There’s something really interesting happening on the Internet.
Ideas are being hurled; concepts are being tested and proven; problems are being solved in real and tangible ways. To date, the “best practices” of your IBM’s and Accenture’s have wholly dominated the realm of technology solutions. That is changing.
What we’re witnessing is a paradigm shift in how a real technology trend can materialize. Whereas in the past, the “next big thing” was introduced by your big players – Microsoft, Sun, etc., and validated by your industry watchers – Gartner, Forrester, etc., today an environment has arisen where ideas arise organically and catch fire.
Need proof? Just follow the technology news sites, rather than regurgitating press releases, they are reporting on these grass-roots trends that are materializing. Beyond the media, you’re starting to see major players that once defined spaces, now jumping on board after-the-fact.
A great example of this is the growing popularity of REST as a web services protocol. Before REST, the darling of web services was WSDL/SOAP. It was blessed by Microsoft, Sun and the standards groups after all. But the masses would have none of it. REST – more an approach than a technology – caught fire. The hundreds of millions of dollars that the big boys poured into marketing web services could not stem the tide. REST made sense and the masses adopted it.

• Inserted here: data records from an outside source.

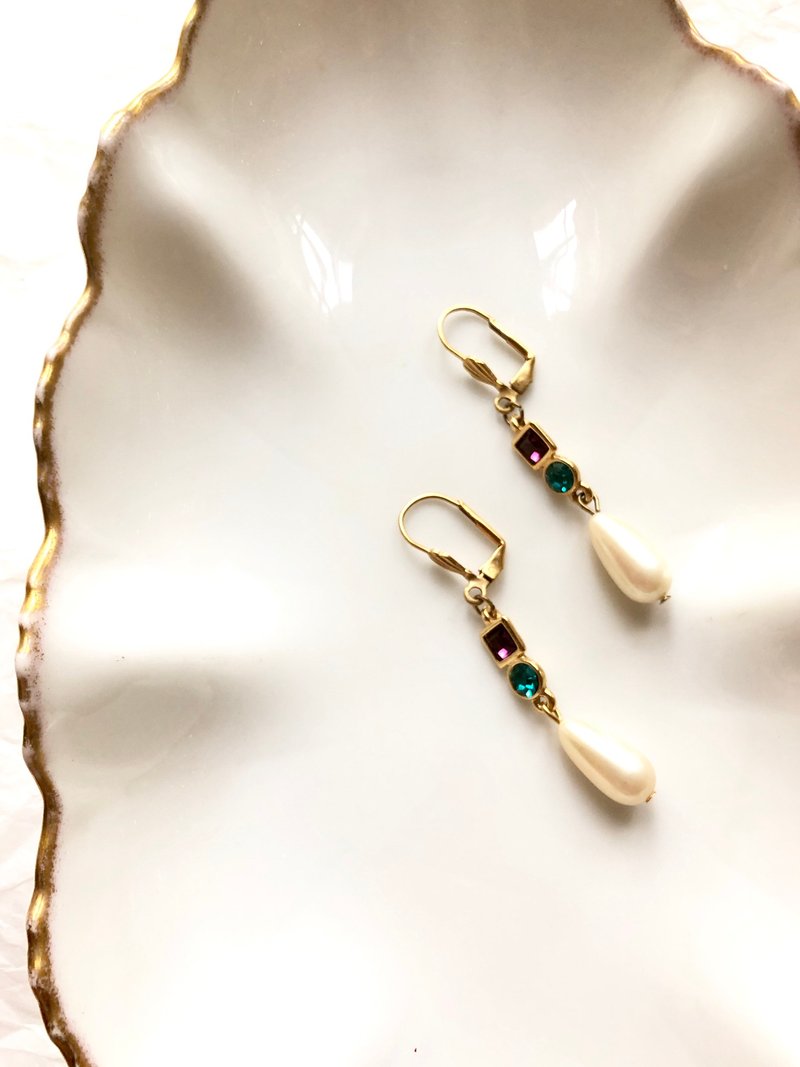 Vintage Teardrop Pearl Gemstone Gold Drop Earrings - 耳环/耳夹 - 贵金属 金色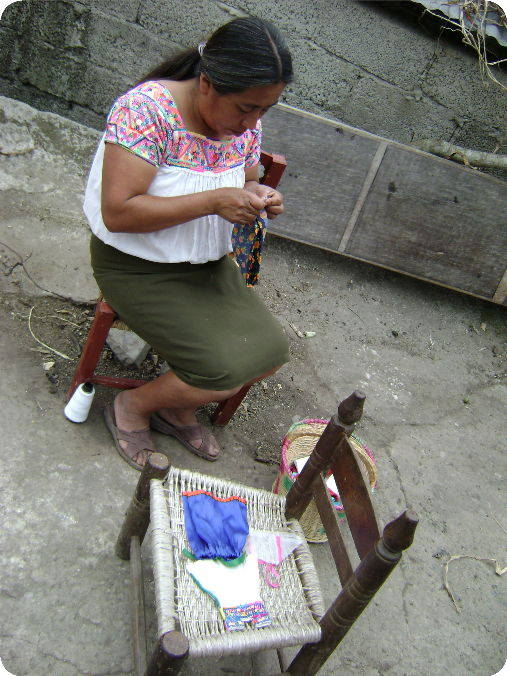 Fotografía Lupita elaborando indumentaria ritual Libertad Mora San Pablito Pahuatlán 2007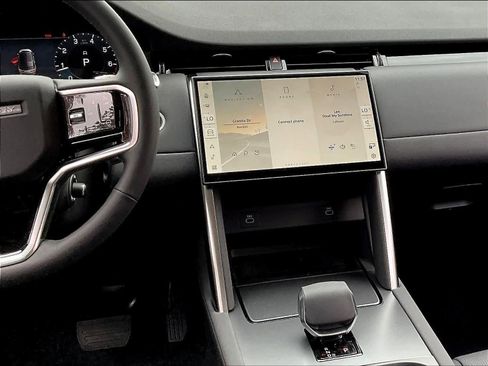 New 2025 Land Rover Discovery Sport S image 9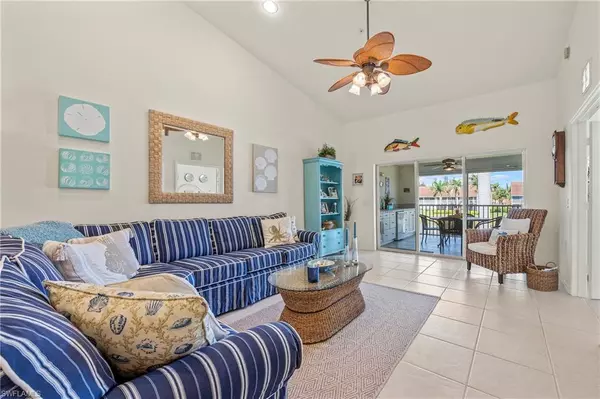 2381 Hidden Lake CT #12, Naples, FL 34112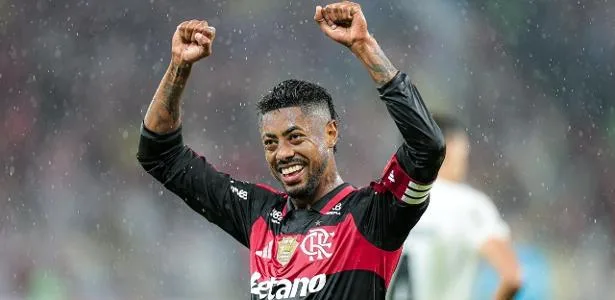 Flamengo encara o Estudiantes com Bruno Henrique e Saúl entre os titulares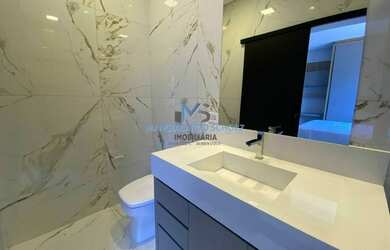 Imagem 13: Casa Alto Padrão. Piscina, Churrasqueira, 202m² de Áreae1 Vaga na garagem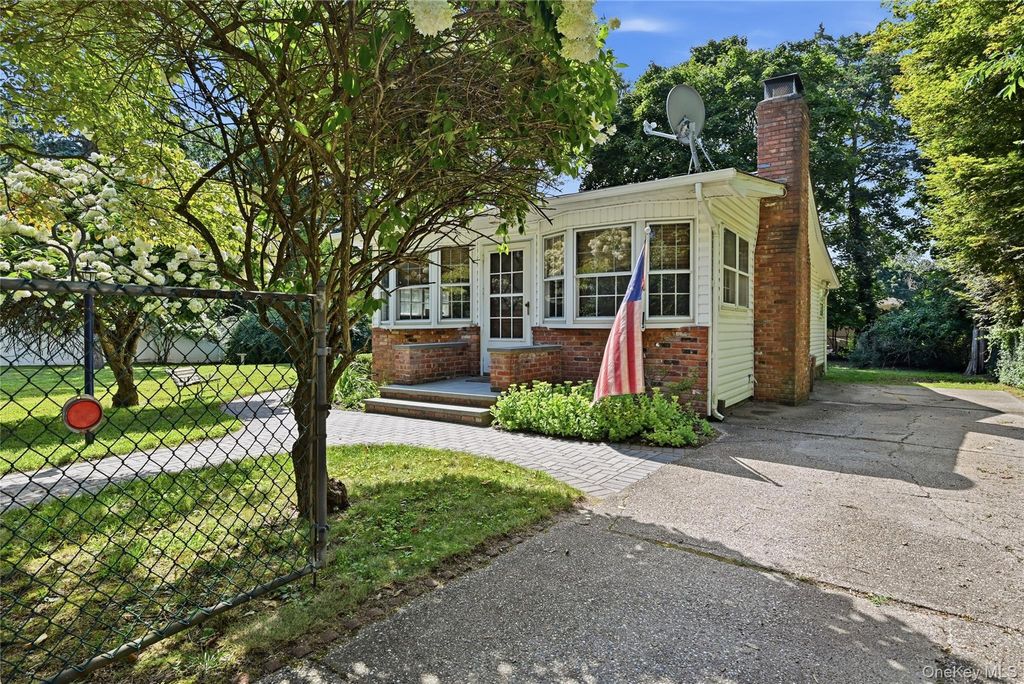 76 Queen Road, Rocky Point, NY 11778 — photo 3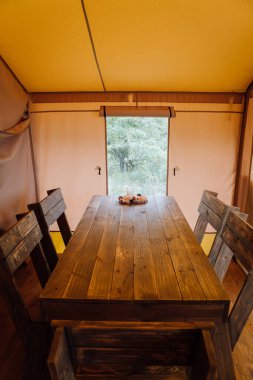 Açık glamping çadırının içi. Yaz tatili ve tatil için lüks kamp çadırı. Yaşam tarzı kavramı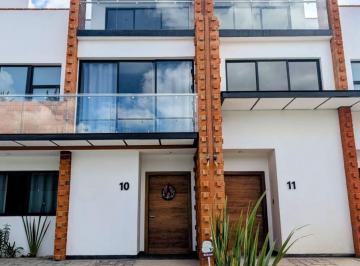 Casa de 3 habitaciones, Metepec · Renta de Casa Nueva en Residencial Acacias, Metepec, Av Tenologico, Galerias Metepec.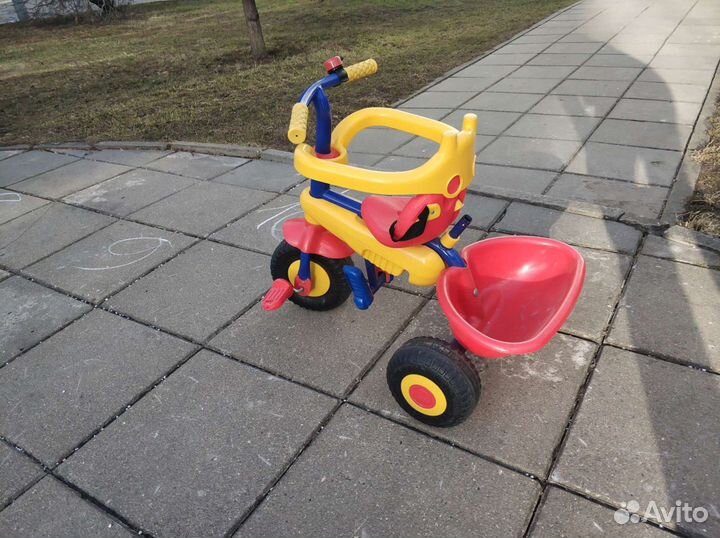 Детский трехколесный велосипед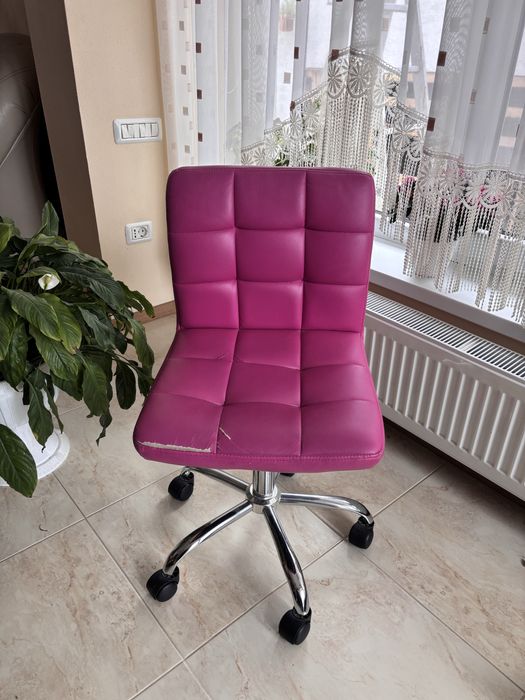 Scaun roz de birou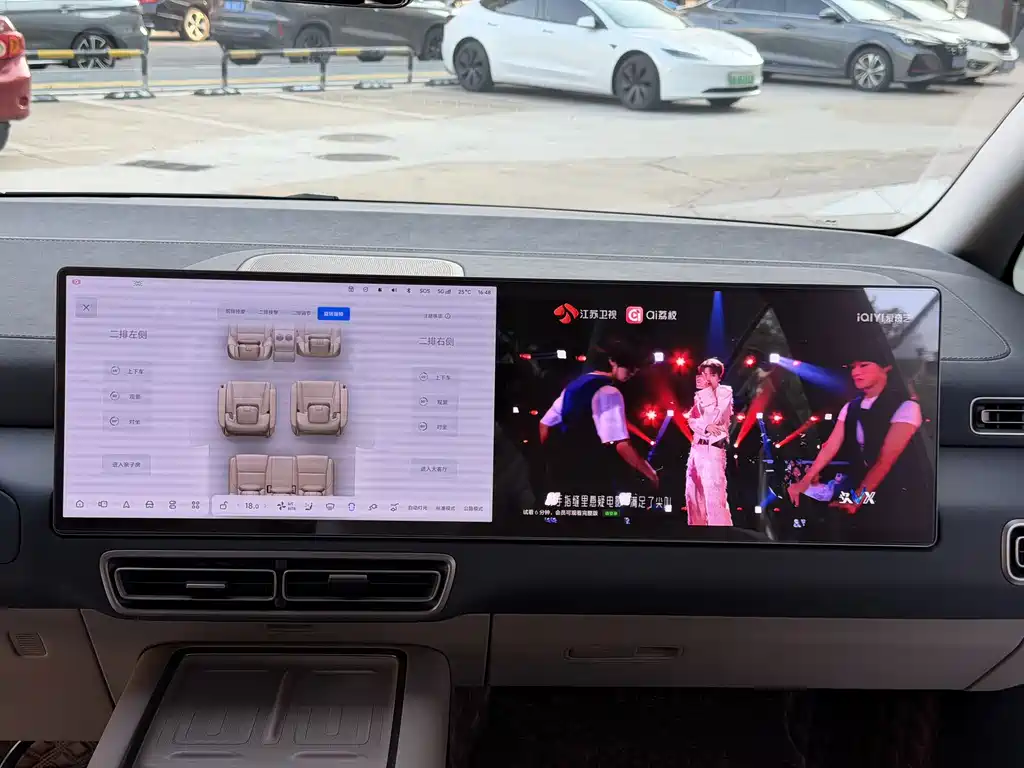 Li Auto Li MEGA — миниатюра 25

What’s worth nothing is the nature of these trends. They’re hardly strictly-defined technologies backed by long-winded specifications. Instead, they often encompass a broadly defined approach. REST is one example. Ajax is another. There are no ten month reviews at the W3C. No “working drafts.” And above all else, nobody needs to wait for a big player like Microsoft to implement anything.
In reality, these ideas hardly permeate the Enterprise because (a) most people are caught up in helping run an Enterprise and are out of touch and (b) most managers are averse to trying out some idea that showed up on a blog rather than simply buying something that is backed by some sort of “Gold Standard” technical support.
Regardless, it is fascinating to watch. It is, in effect, capitalism applied to a free market of ideas. Some win, some lose but the nature of the market dictates what gets elevated. The result are solutions that are purer than those tainted by a corporate stamp. There is order in the chaos after all.